Exercise objective: Starting at the line that holds "Pro plan purina", restate every line word for word up to and including the last one in the listing below, and omit all pictures.

Data provided:
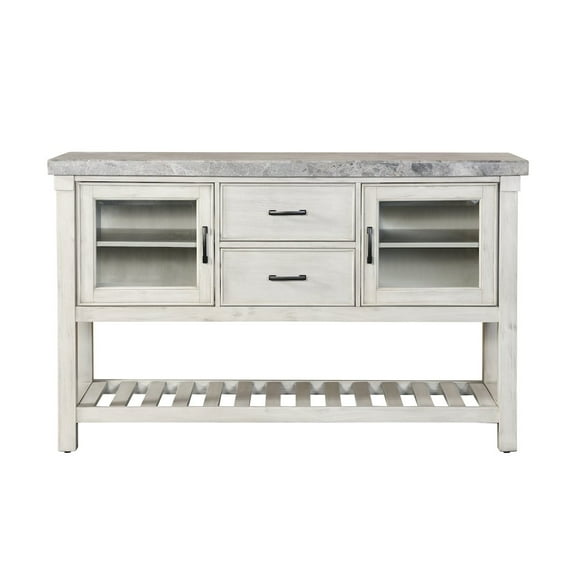 Steve Silver Canova Weathered White Marble Top Sideboard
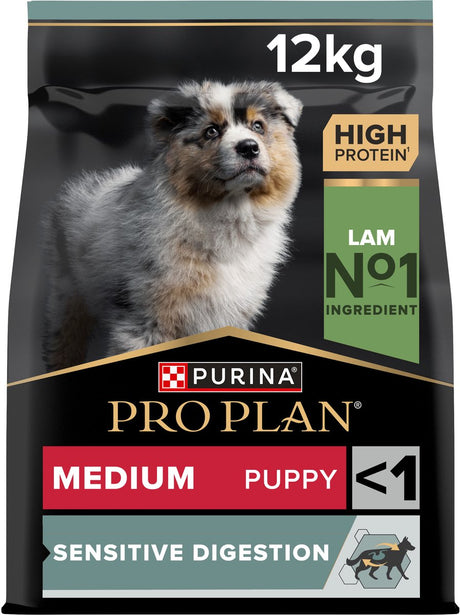 Pro plan purina digestion sensible chiot moyen - nourriture pour chien - agneau - 12 kg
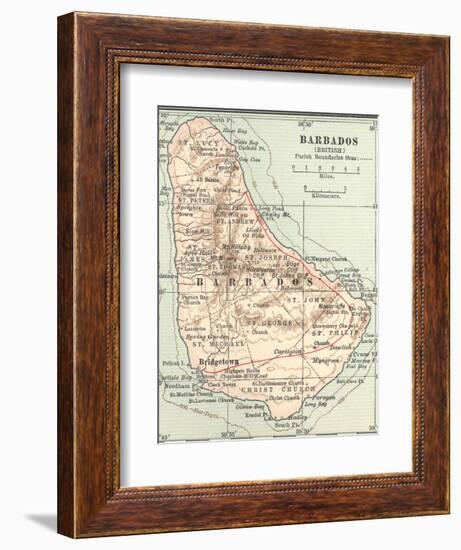 Plate 118. Inset Map of Barbados (British)-Encyclopaedia Britannica-Framed Art Print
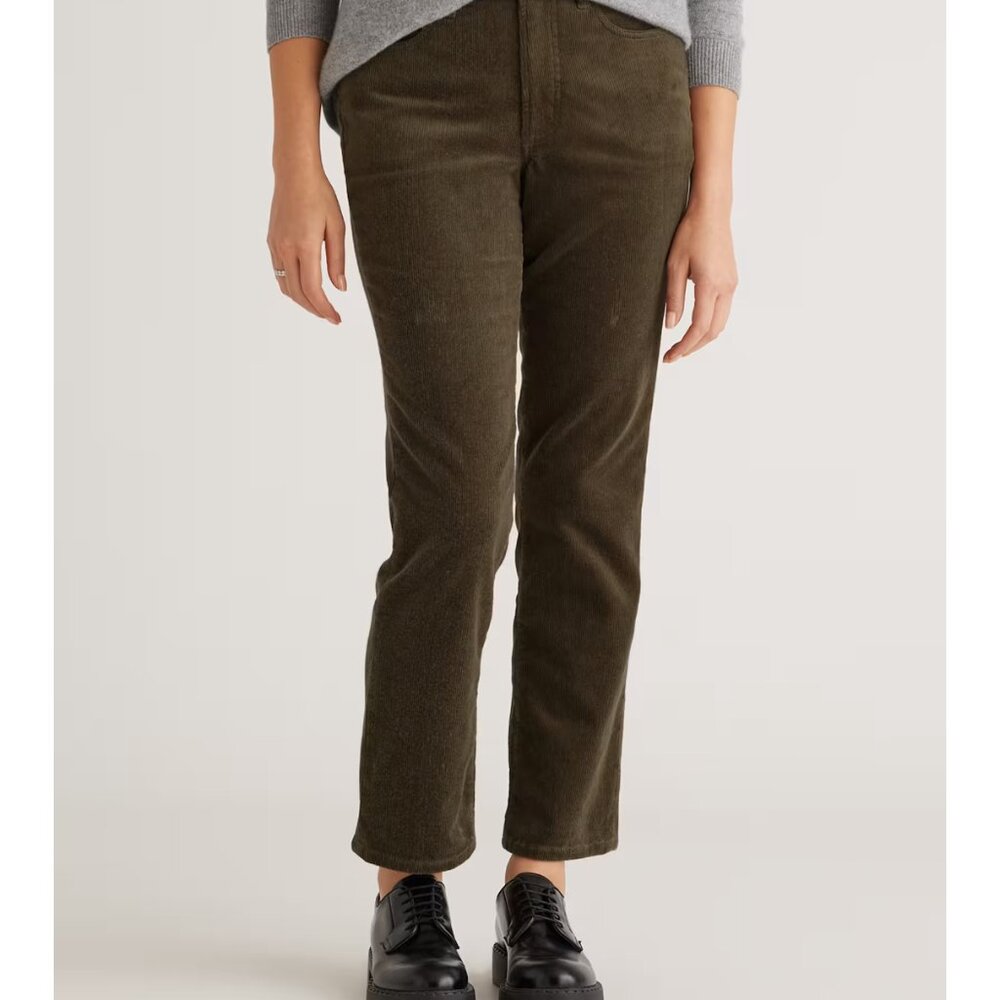 Quince Olive Green Straight Leg Corduroy Pants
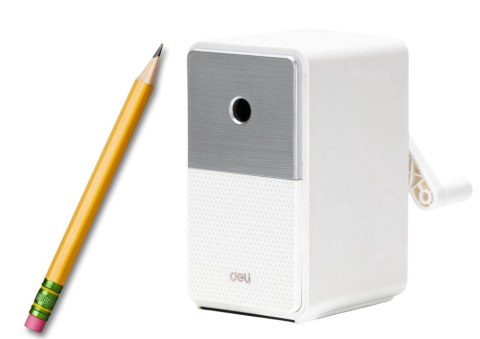 Strugaczka Na Korbkę Z Pojemnikiem Regulacja Ostrza Biała LEAN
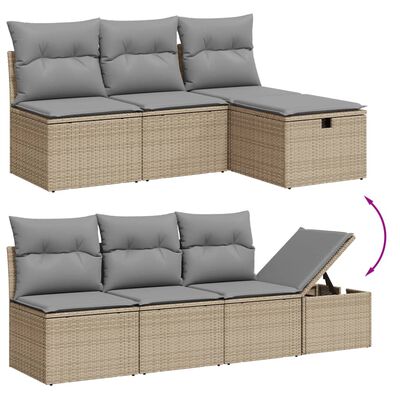 vidaXL Salon de jardin avec coussins 9pcs mélange beige résine tressée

Exercise response:
 Pro plan purina digestion sensible chiot moyen - nourriture pour chien - agneau - 12 kg
 Plate 118. Inset Map of Barbados (British)-Encyclopaedia Britannica-Framed Art Print
 Quince Olive Green Straight Leg Corduroy Pants
 Strugaczka Na Korbkę Z Pojemnikiem Regulacja Ostrza Biała LEAN
 vidaXL Salon de jardin avec coussins 9pcs mélange beige résine tressée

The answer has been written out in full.